Thanks as well for including the links on the U.S. military’s research of alternative fuels. I’ve also become aware research efforts underway inside the Defense Department to explore the development of electric, hybrid and fuel cell technology for tactical vehicles. Interestingly, solving the current challenges around fuel cell technology in particular would provide advantages to the military on several fronts, including eliminating their dependence on foreign fuel sources, and fielding vehicles that are considerably stealthier on the battlefield due to lower noise, exhaust and heat emissions. While fuel cell technology or the alternative fuels discussed in the articles you referenced do not appear to be economically viable in the near-term, I’m hopeful that these R&D; efforts will act as a catalyst for their eventual adaptation to industry and consumer applications.
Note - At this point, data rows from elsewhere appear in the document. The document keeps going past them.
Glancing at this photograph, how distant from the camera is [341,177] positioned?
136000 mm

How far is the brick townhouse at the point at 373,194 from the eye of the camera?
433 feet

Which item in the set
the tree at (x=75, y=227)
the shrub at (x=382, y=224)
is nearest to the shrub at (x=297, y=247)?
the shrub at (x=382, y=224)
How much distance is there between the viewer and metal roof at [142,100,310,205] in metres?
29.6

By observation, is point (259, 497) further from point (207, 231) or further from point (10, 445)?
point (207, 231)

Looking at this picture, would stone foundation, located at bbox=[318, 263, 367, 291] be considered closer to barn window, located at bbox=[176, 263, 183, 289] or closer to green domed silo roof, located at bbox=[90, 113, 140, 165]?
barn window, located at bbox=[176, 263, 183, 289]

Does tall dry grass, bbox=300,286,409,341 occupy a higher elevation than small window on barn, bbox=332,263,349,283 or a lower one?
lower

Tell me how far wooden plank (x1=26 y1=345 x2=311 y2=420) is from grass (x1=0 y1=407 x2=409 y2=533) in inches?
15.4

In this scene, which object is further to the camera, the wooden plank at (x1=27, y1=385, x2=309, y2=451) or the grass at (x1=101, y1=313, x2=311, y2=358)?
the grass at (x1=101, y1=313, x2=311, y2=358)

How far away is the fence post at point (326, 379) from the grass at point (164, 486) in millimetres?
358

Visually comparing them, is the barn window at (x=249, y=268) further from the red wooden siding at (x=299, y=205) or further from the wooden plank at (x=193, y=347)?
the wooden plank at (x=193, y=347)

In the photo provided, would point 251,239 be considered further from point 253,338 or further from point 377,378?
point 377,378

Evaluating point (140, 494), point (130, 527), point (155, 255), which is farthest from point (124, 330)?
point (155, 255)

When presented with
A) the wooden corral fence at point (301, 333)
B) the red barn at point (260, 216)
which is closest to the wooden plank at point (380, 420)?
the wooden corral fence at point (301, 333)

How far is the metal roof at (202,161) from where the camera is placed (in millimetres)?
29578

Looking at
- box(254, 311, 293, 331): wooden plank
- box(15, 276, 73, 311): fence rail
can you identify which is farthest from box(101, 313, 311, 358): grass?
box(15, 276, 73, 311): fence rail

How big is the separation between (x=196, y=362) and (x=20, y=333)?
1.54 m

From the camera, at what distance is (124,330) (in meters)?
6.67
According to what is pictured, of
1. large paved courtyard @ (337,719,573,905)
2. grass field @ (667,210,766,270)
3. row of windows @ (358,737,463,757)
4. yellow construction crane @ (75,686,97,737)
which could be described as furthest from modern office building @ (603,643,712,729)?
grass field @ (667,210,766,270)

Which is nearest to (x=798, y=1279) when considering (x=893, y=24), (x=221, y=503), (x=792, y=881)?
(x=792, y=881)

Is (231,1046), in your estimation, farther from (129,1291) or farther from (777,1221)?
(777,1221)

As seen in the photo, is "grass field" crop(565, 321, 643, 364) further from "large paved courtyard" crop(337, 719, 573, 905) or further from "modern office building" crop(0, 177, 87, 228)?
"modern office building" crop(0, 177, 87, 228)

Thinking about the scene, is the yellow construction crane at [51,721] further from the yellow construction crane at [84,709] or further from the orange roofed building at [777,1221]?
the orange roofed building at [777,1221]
Thanks again for your comments.
J. Chernut from CO
2/8/2007 11:28:11 AM
Does anybody realize that Iraq supplies only 5% of the United States crude oil? The US supplies 40% of our own oil. The leading countries from from which we import are from Canada, Mexico, Saudi Arabia Nigeria and Venezuela.
Chris Wolfe from CA
2/8/2007 2:25:39 PM
We all realize that Iraq is a limited oil supplier today and it has been documented on previous editorials and in the UC Berkeley study posted on this site. Having a military presence in the Middle East is a way of guaranteeing current and future supplies as well as showing other nations in the area the lengths we will go to ensure these supplies. The battle being waged today between ourselves and the developing world (e.g. China and India) is about future supplies and Iraq is near the top in untapped reserves.